Thursday, July 11, 2013

Flowers for Rodger

The petunias were stored in the back hallway. Last year, at this time, they hung beautifully in an odd row of three at the front of the wrap-around porch. Nancy hadn’t bothered to buy the other five baskets for the west side of the porch.
Mother Nature paid no attention to the calendar. She confused and swirled the Wisconsin seasons together. The sun seldom made its appearance between the endless, overcast days. Nancy sat in her dim sunroom — her feet propped on an ivory ottoman with a shag blanket tugged to her armpits.
Nancy read. She distracted herself with pop psychology in attempt to drive her blues away. Blues is such a disrespectful euphemism for the depression, which came each winter uninvited. This noun identifying a disease was misunderstood as a characterization of a feeling, a controllable emotion.
In truth it was an intermittent interruption of a productive life. It interfered with the most basic tasks — showering and eating. And, certainly, it killed manicures & haircuts, shopping & socializing, and work & school for the young.
Blah was the rain for which Nancy had no umbrella, no shield or armor. Comfortable misery enveloped her as did the sweaters, thick and soft. She longed to bounce into well-being, snap out of it as the cliché goes.
A passage she read said to do something, anything, just move, find any activity to take your mind off your feelings. Nancy thought about those empty hooks around the white house. She thought about the baskets of petunias that she could not hang. She thought about the rope in the garage. An idea came to mind.
Nancy went outside without a coat, but she kept that blanket for a shawl. She grabbed the rope from the garage and walked to the back of the house. She could see the koi pond in the northeast corner of the city lot. She was enclosed in the privacy of the cedar perimeter. Nancy dragged a heavy, iron chair away from its table and pair. Looking up, Nancy saw the hooks secure enough to hold a two-pound basket. What about a two hundred pound blob of a woman wearing sweatpants and slippers? She looked like the grandmother she wasn’t; her children — one gay and the other selfish — had grown to move away and find happiness without kids. She had no family nearby, no child’s colorings on her fridge. Her green, lush gardens were the only life she tended.
Nancy heard footsteps on the porch, delicate footsteps.
“Hello? Nancy? Hello? Are you here?” a sweet voice called from the front of the house.
Nancy recognized her neighbor Grace who considered herself a social butterfly, but Nancy considered her more of a busy body bee buzzing around without invitation.
“Yes, I’m in the back,” Nancy called and kicked the rope to the side of the house.
“Oh, thank goodness you’re home! I wanted to bring you these marigolds for Rodger. I remember they were his favorite and I couldn’t help but notice your window boxes have been empty the past two summers,” Grace gushed.
Nancy hadn’t had the heart to fill those boxes. She a tended the grounds, her hostas, hydrangeas, lilacs, bleeding hearts, corn flowers, daisies, and ferns; her garden beds were the envy of the neighborhood. The annuals were Rodgers job.
“Why thank you. How thoughtful of you,” Nancy said.
The curt nature of her response was meant to thwart any attempt Grace would make to worm her way into a glass of tea or conversation of phony pleasantries.

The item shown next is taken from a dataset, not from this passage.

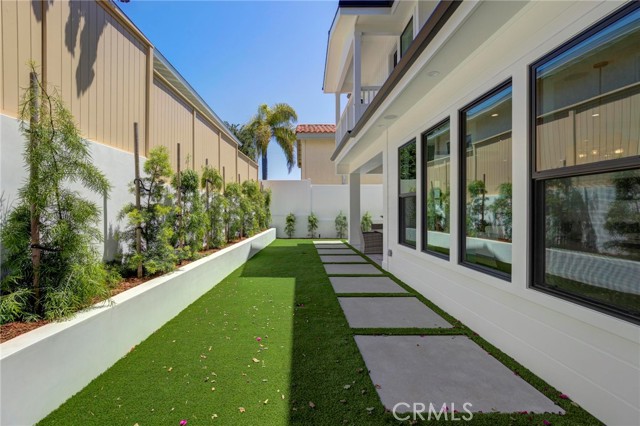 Detail Gallery Image 37 of 71 For 1157 8th St, Manhattan Beach,  CA 90266 - 5 Beds | 5/1 Baths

“Well, I just wanted to drop off the flowers. I was at the garden shop and thought of you, well Rodger, when I noticed the bright orange blooms and sturdy stems,” Grace said. “I think you could plant now and they will survive this lingering winter. It is mid-May after all.”
“Yes this winter is a bugger,” Nancy agreed. “I’ll bring these in the garage and watch the weather report to make sure we don’t have a repeat of last night’s frost.”
“Okay. Well, I’ll be going. Spring should stick around now. They lady at the garden center said seventies by the weekend,” Grace said.
Nancy smiled, really smiled, and allowed hope to plant inside her.
She wasn’t planning to fill those window boxes. No, they would remain empty. What she did plan to do was bring the marigolds where they belonged: to Rodger. She’d plant them in the half moon plot in front of his headstone. Nancy pictured herself visiting those annuals throughout the summer to deadhead the dying making way for new blooms.